JOHN DRAMANI MAHAMA, President of Ghana, noted that extremist forces in many parts of the world had hijacked dialogue. With available technology being used to spread anxieties and arouse base emotions, hate speech was becoming common and xenophobia had taken over rational thinking. In the vote on “Brexit”, the spectre of a flood of refugees had been used to help propel an exit from the European Union. Nearly 30 years after President Ronald Reagan called for the Berlin Wall to be torn down, new walls were springing up everywhere. Yet, the world had the resources to guarantee each person a decent life. With a significant share of the world’s arable lands and natural resources, along with a youthful labour force, a reordering of economic relations could create opportunities and keep young Africans at home.
Some young Ghanaians who had hazarded the desert and Mediterranean Sea to cross to Europe were young poultry farmers or other entrepreneurs, he continued. Selling their shops, they had undertaken the journey because they could no longer compete with tons of frozen chicken dumped on African markets annually, along with an adverse business environment. Africa needed a fair chance to trade with the rest of the world and among neighbouring countries. Commending progress towards creating a Continental Free Trade Area, he said it must be fast-tracked. Raising intra-African trade alone from the paltry average of 15 per cent would create better opportunities for the continent’s youth.

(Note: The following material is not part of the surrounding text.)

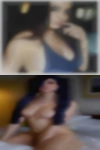 Wife swapping Mifflinburg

Africa, he noted, was often seen as a homogenous unit and treated as such, without recognizing it as a whole continent with different aspirations, cultures, democracies and economic development. Human progress was not a seamless movement forward, but included periods of reversal, mistakes, fumbling and falling. All regions of the world had been through such a process, learning from their mistakes, picking themselves up after a fall and continuing to move. Africa must be allowed the same latitude.
There were many success stories in Africa, including Ghana, he said. Since adopting the 1992 Constitution, his country had not looked back. Successive elections with power occasionally swinging between opposing political forces had established Ghana’s democratic credentials in the world. The country has a fiercely independent media with hundreds of newspapers and radio stations. Bold measures in effecting structural reforms had yielded a more stable and resilient economy with a gross domestic product (GDP) target of 4.9 per cent this year. With a stable currency, business confidence was rising and foreign direct investment remained strong. In collaboration with development partners and increased offshore oil and gas prospects, Ghana was expected to clip along from next year at 8 per cent GDP growth per annum.